Solid waste district educators share lessons
By Carrie Napoleon Post-Tribune correspondent August 25, 2013 10:06PM
Heather Seisel, education coordinator for the Bartholomew County Solid Waste Management District, shows a plastic tub of recycled plastic pellets she passes around to youngsters who participate in her waste district's education programs such as Recycling Superheros. | Carrie Napoleon/For Sun-Times Media
Updated: August 26, 2013 6:18PM
HAMMOND — Solid waste district educators from the north part of the state spent part of the week in Hammond for “Training the Trainers.”
The training session was sponsored by the Lake County Solid Waste Management District and brought together solid waste district educators and the Indiana Department of Environmental Management to learn lesson plans that comply with Department of Education standards.
“There’s an impression some districts are just doing crafty things,” Lisa Perez, IDEM liaison for the Lake County Solid Waste Management District. Perez said the lessons taught by solid waste district educators are more than that and begin to plant the seeds of environmental management in children as young as pre-kindergarten.
Some waste districts are one-person operations, with a director who serves all roles. Others have educators who work within the local school districts. Bringing everyone together helps provide all districts with tools and resources they can use to better educate their residents.
Angela Petyko, educator with the Lake County Solid Waste Management District, said 42 attendees from 28 districts in northern Indiana were participating in the first Training the Trainers event.
Doug Oaks, director of the Fulton County Solid Waste Management District, said his district conducts tours at its recycling facility but currently does little more in the education department.
“In our case, we really don’t have a presence in the school,” Oakes said. He has participated in the education roundtables periodically conducted and is hoping to bring back some of what he learns during the Training the Trainers session to implement in his district.
“I’m so impressed by all of them,” Oakes said.
Attendees watched fellow educators share their successful lesson plans with hands-on demonstrations. Heather Seisel, education coordinator for the Bartholomew County Solid Waste Management District, shared “Recycling Superheroes” with the group, a program geared toward pre-kindergarten through second grade students. She said the key to reaching the younger children with the reduce, reuse, recycle message is participation. Part of the lesson plan includes reenacting what happens at the recycling center, sorting a pile of “garbage,” cleaned recyclables, into the pile they would go in at the center: glass, plastic, metal, paper and books.

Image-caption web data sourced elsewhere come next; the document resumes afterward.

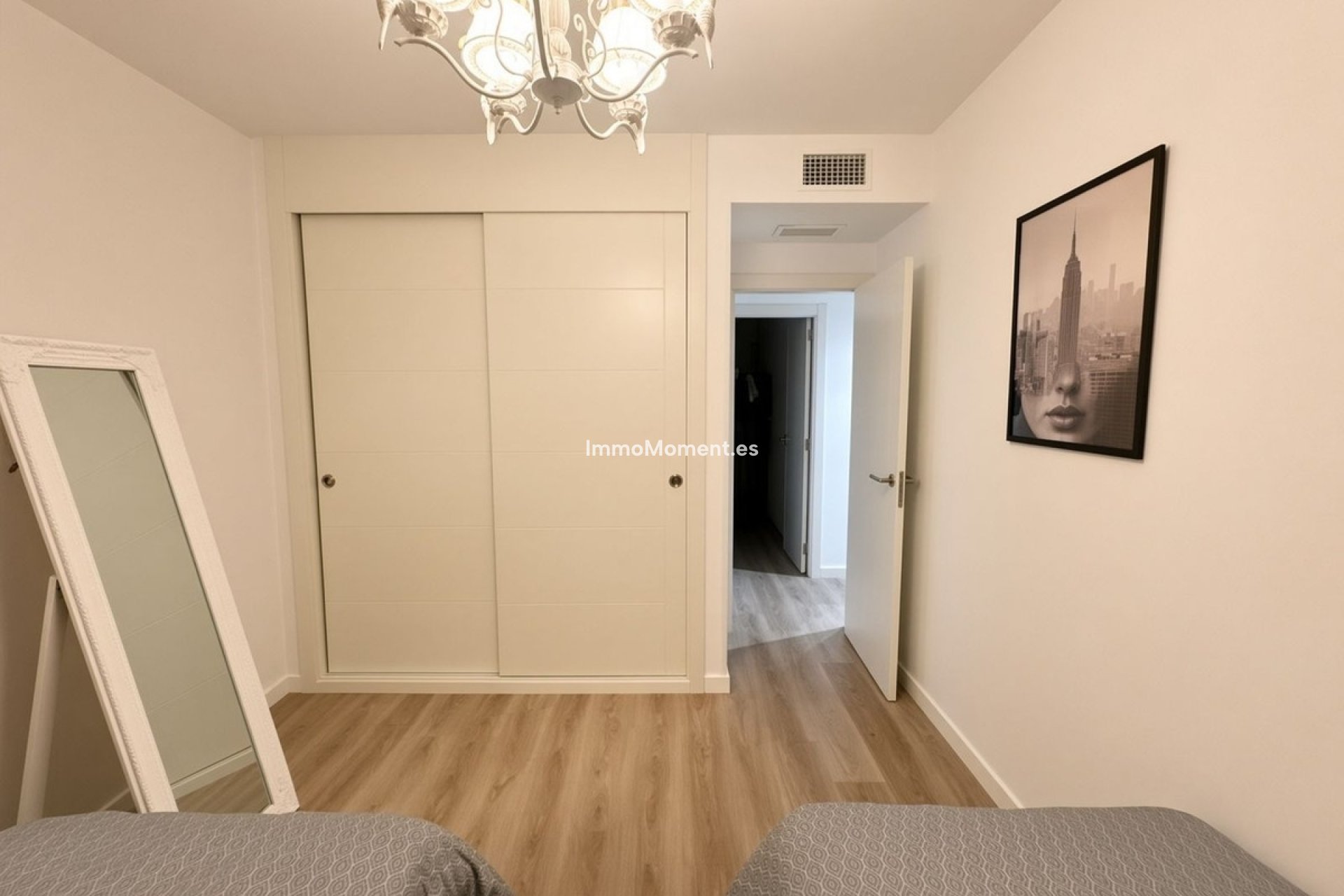 Reventa - Apartamento - Marbella - La Campana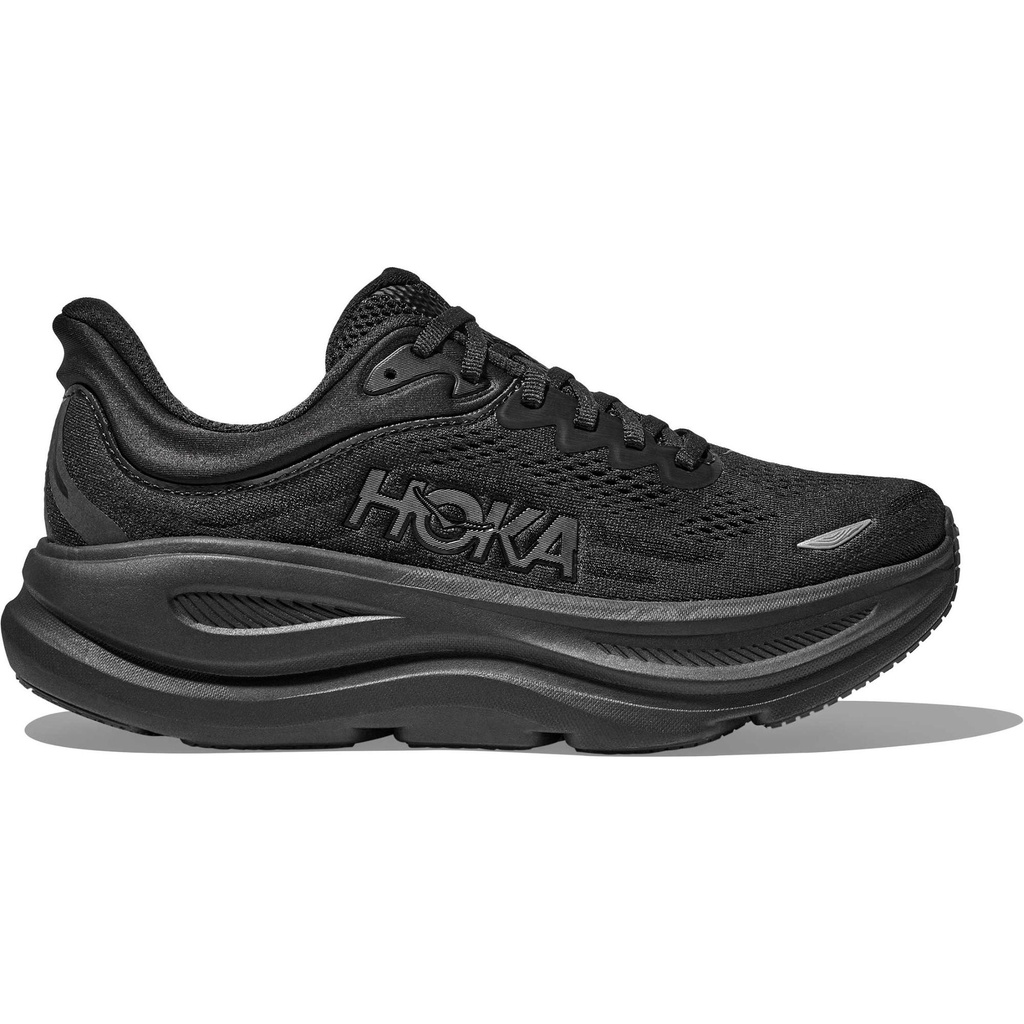 HOKA Men's Bondi 9 Wide Running Shoes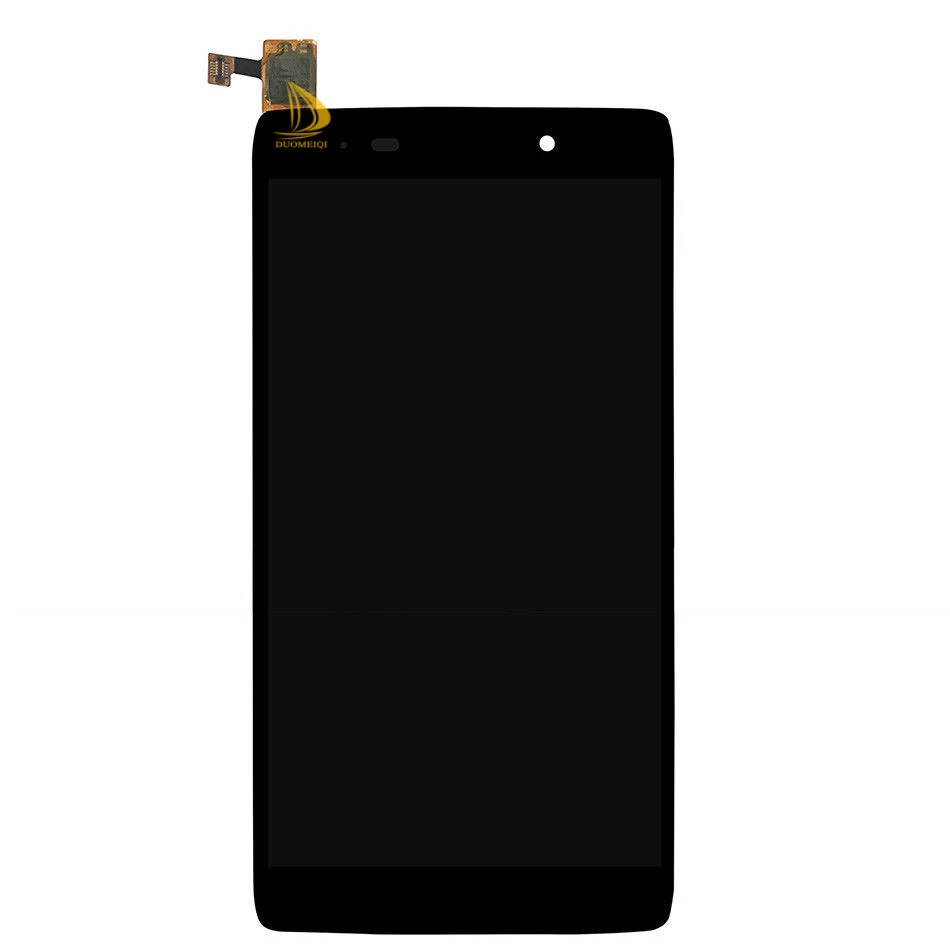 4.7" For Alcatel One Touch IDOL 3 6039 6039Y LCD Display Touch Screen Panel &DD - Image 2 of 4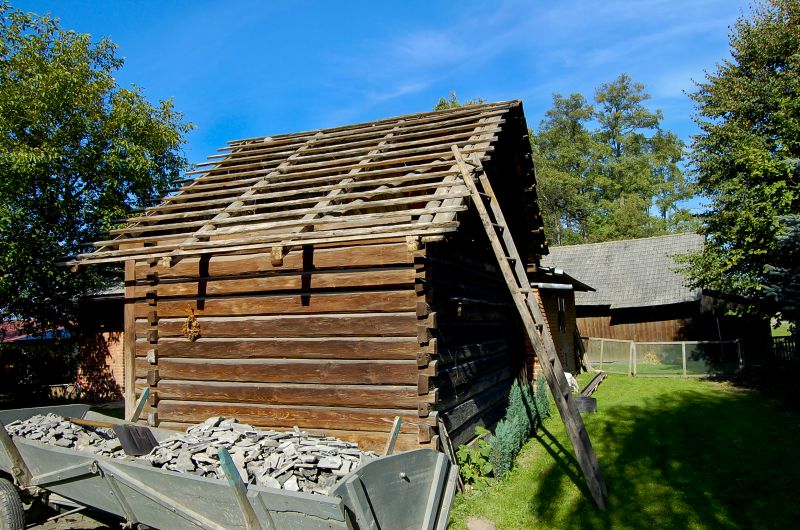 Renovation Service in Littleton, CO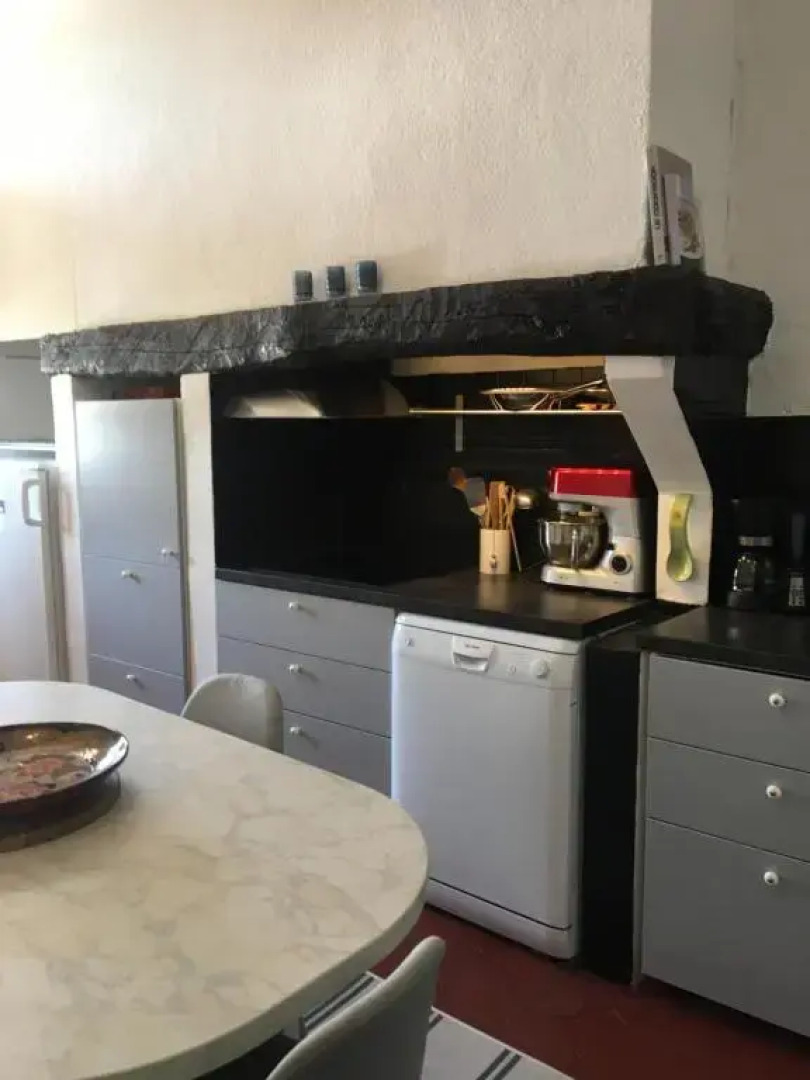 Superbe appartement à Salernes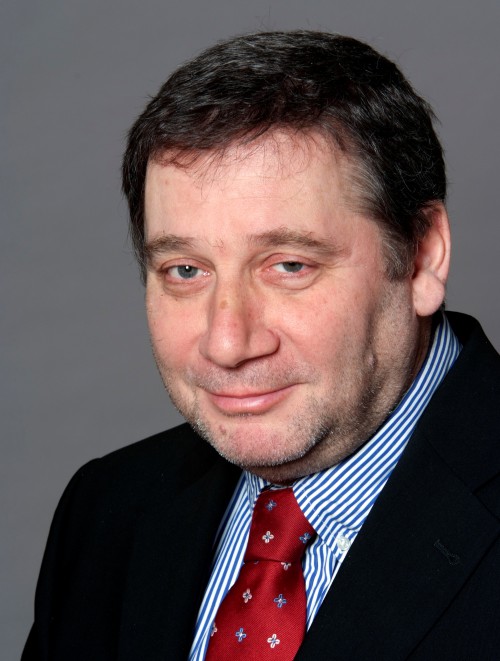 Tomáš Töpfer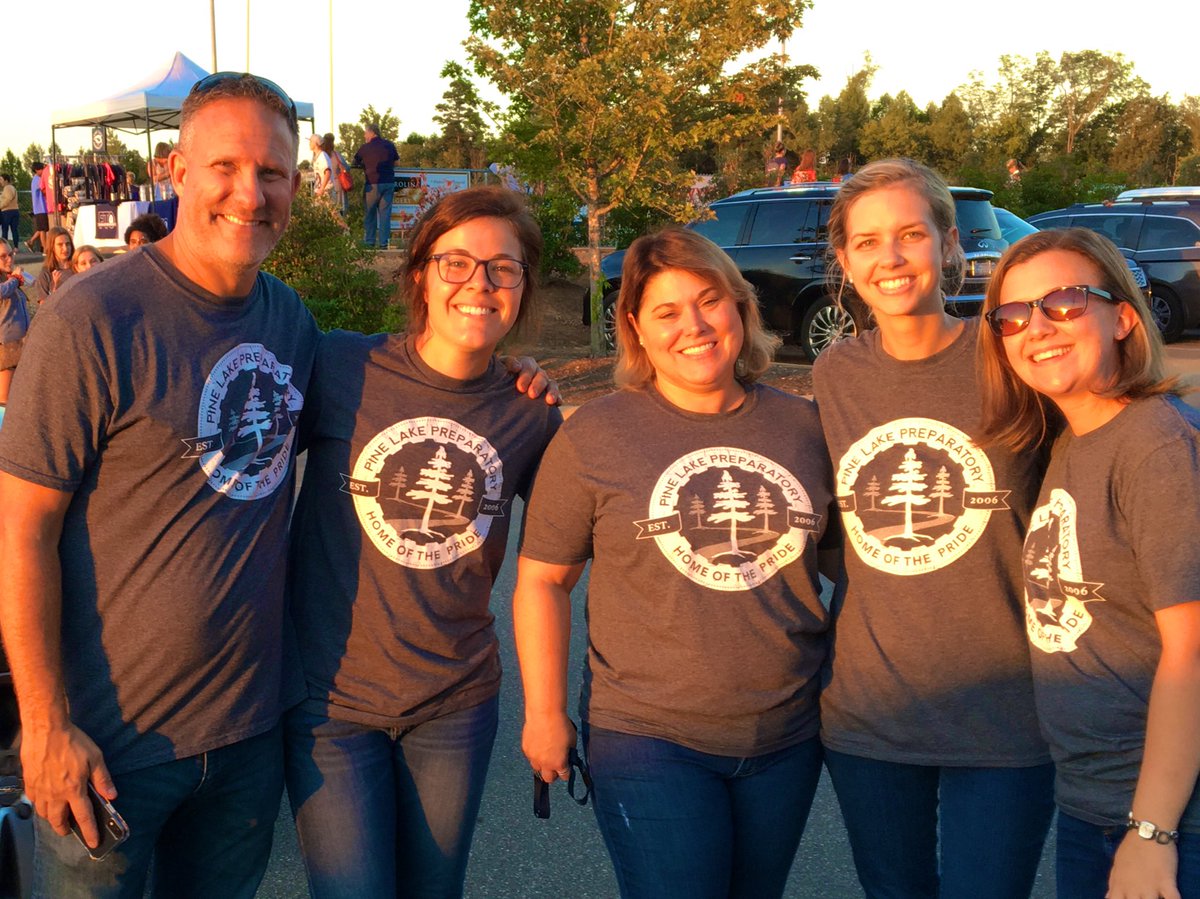 Allison Faulkenberry (@afaulkenberry4) on Twitter photo The BEST math department out supporting <a href="/PineLakePrepFB/">Pine Lake Prep Football</a> tonight! #PLPPride #PLPMath <a href="/LisaPeters4/">Lisa Peters</a> <a href="/MathKenzie/">Mackenzie Wasylyna</a> <a href="/BillMezzano/">Bill Mezzano</a> @StormyMorganPLP The BEST math department out supporting <a href="/PineLakePrepFB/">Pine Lake Prep Football</a> tonight! #PLPPride #PLPMath <a href="/LisaPeters4/">Lisa Peters</a> <a href="/MathKenzie/">Mackenzie Wasylyna</a> <a href="/BillMezzano/">Bill Mezzano</a> @StormyMorganPLP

Abe Paluch, outreach educator of the Recycling and Waste Reduction District of Porter County, said engaging children is the biggest challenge in education outreach.
“The biggest challenge with kids is to get their attention and get them excited. Once they are having fun their minds are open to new messages,” Paluch said.
He said his district is looking at ways to incorporate social media into sharing the message to expand the number of people they are able to reach.
“Using social media to promote the message is a more efficient way to communicate,” Paluch said.